Good. This is Special Guest Diary reporting for duty, and today's big news is that an unnamed Russell Slade has failed in his unnamed attempt to sign an unnamed striker from an unnamed club. Apparently this striker was really good and would have scored fifty billion goals and built us a new stadium, but that's not going to happen now. We do need a striker though and according to the GrimTel, fans have been heard saying: "Oi, Slades you mupet, why haven't you signed Daryl Clare or summat he would score a big bagful of goals for us every game. You should be sacked or something." Russell reckons we can't afford him anyway - wages is one thing, but to keep that lad topped up with Mars Bars would ruin the club.
So, given the lack of strikers it looks like Slade may have to switch to a 4-4-2. This isn't such a bad thing now, thinks our Russ - in fact, he's gushing at the mere thought of it. Apparently he loves a good old bit of 4-4-2 and reckons all good teams like Arsenal, Chelsea and Scunthorpe play that formation. I lied about that last one, if I'm being honest.
The rest of the team isn't looking too strong either. Whittle has a taken a little knock, we're told; Fleming is suspended; and Coldicott has been filed under 'doubtful'. This means that Shaun Cunnington has been drafted in to the midfield for this weekend's games. Oh, there I go with those fibs again. Hockless is definitely back from Leigh RMI though - although I'm sure one of those expensive texts from the club will correct me if I've got that wrong. So, in attack we're buggered, midfield is empty... defence? No new injury worries there, but I doubt we'll see Terrell Forbes there given that he's busy in court with you-know-whatsit. Our man on the spot Mat Hare sent in a rather graphic report of the case so far - one which I couldn't possibly report here for fear of legal proddings - but the bit I can print is that Forbes "looked calm" early doors, but became "a bit more agitated as the day wore on." "He was dressed in a smart suit and tie," says Mat. Thanks for the fashion report Mat - what shoes did he wear?

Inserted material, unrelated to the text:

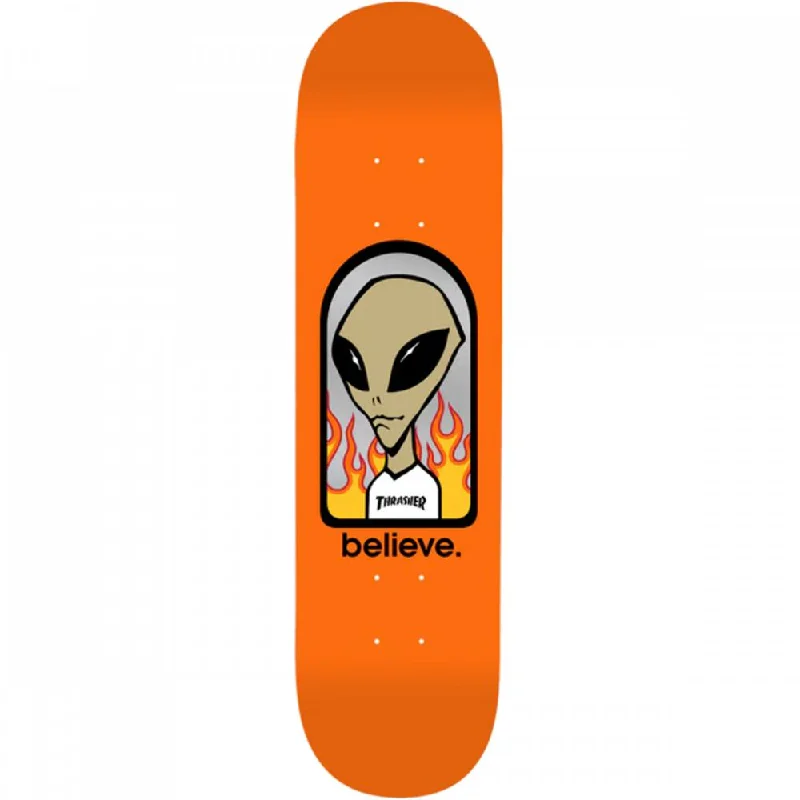 Alien Workshop Believe Thrasher 8.0" Skateboard Deck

Mr Pat Bell emails our regular Diary with his thoughts on Jonny Rowan - and because of the wonderous advances in modern technological wotsits, Mr Normal Diary is able to 'forward' this message on to me with a singular extension of his magic digits. Pat says: "You remember how it used to be quite a cachet for someone if they could claim to have had a trial with Orient or played a couple of reserve games for Crystal Palace (As I recall, that was the claim made for one of the characters in Abigail's Party)?" Yes, Pat, go on. "Do you have a nasty feeling that making several appearances for Grimsby is of about the same status? We can't aspire to know real professional footballers, but at least we can know people who used to play for Town." There's a horrible ring of truth to that, Pat.
And that's it for... oh hang on...what's THIS? Rob Jones says we have to "get back to basics". Oh for the love of the baby Jesus Christ Almighty. Can you get more basic than repeatedly lumping the ball upfield, Rob? Shite. What's on at the cinema at 3pm on Saturday? Oh well. Tune in next week when Russ tells us how he loves the long ball game rather than all this namby-pamby passing it about bollocks. I'm off to the bloody pub.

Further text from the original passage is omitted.